The data START
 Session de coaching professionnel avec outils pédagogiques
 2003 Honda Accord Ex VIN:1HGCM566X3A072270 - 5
The data END
The data START
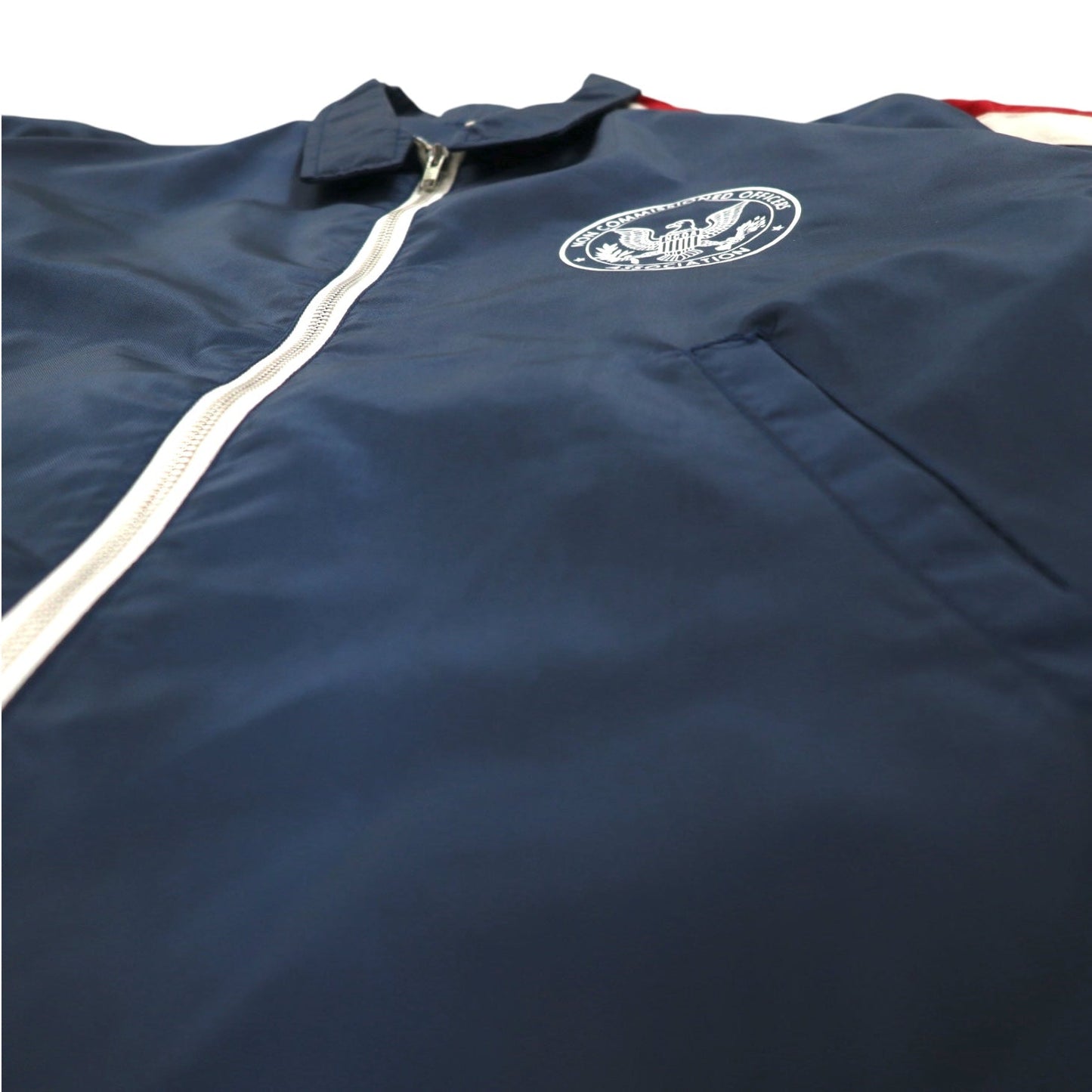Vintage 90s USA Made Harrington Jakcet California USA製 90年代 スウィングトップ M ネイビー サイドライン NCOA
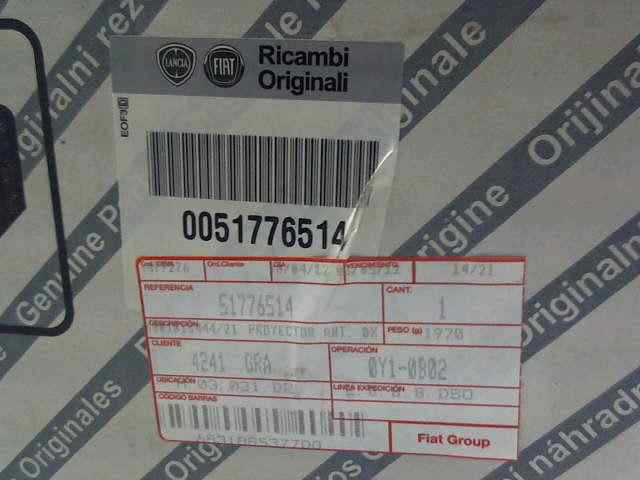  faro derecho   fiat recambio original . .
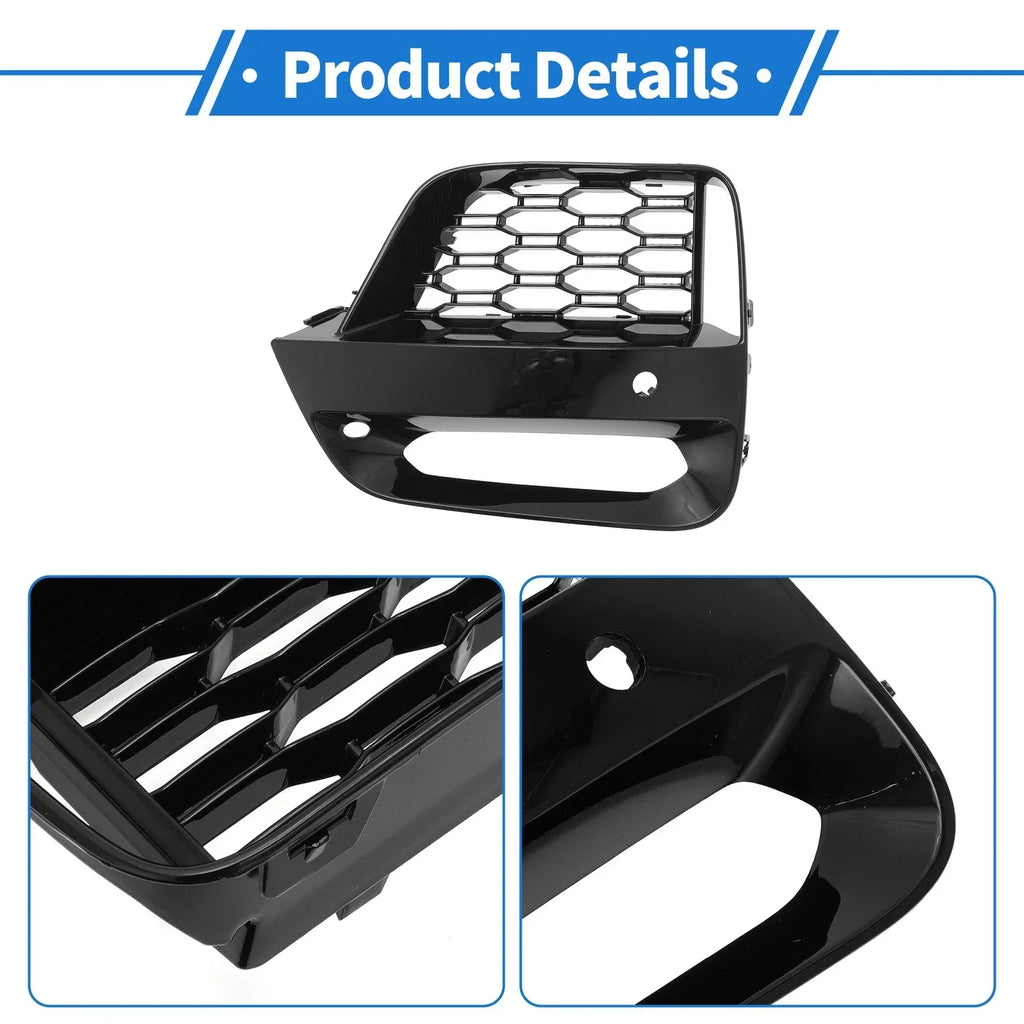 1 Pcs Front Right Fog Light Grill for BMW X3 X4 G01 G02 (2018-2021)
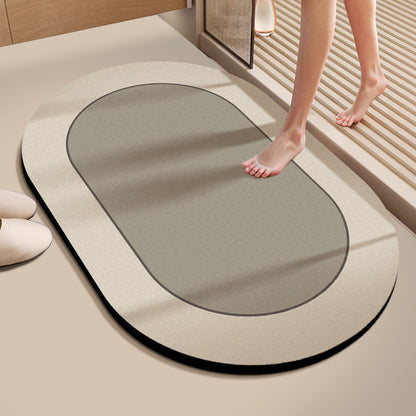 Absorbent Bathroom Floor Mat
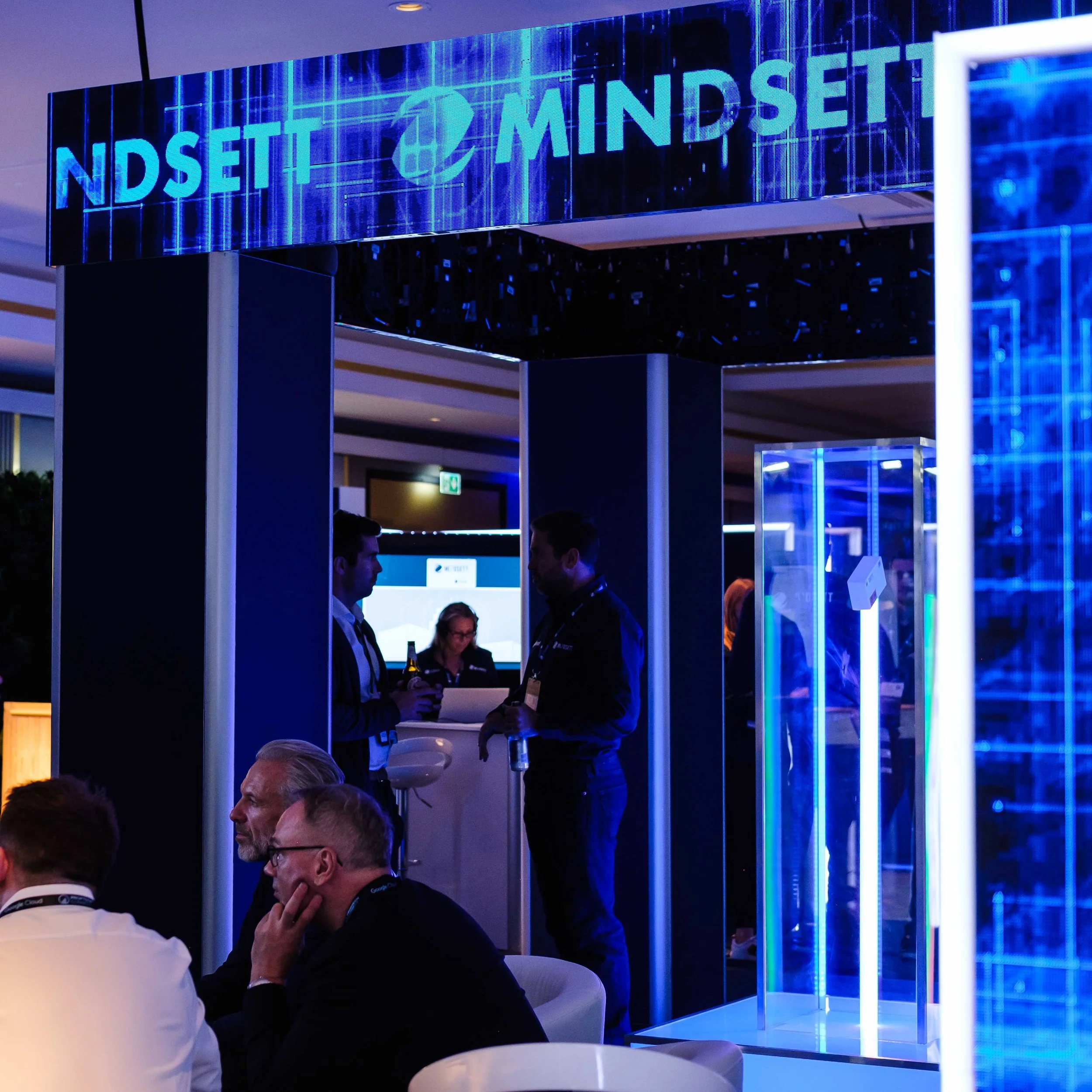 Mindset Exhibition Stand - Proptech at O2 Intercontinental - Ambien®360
The data END
Would you please reproduce the entries above, starting at the line with "original . ." and stopping after the line with "Mindset Exhibition Stand"? Omit any pictures.

  faro derecho   fiat recambio original . .
 1 Pcs Front Right Fog Light Grill for BMW X3 X4 G01 G02 (2018-2021)
 Absorbent Bathroom Floor Mat
 Mindset Exhibition Stand - Proptech at O2 Intercontinental - Ambien®360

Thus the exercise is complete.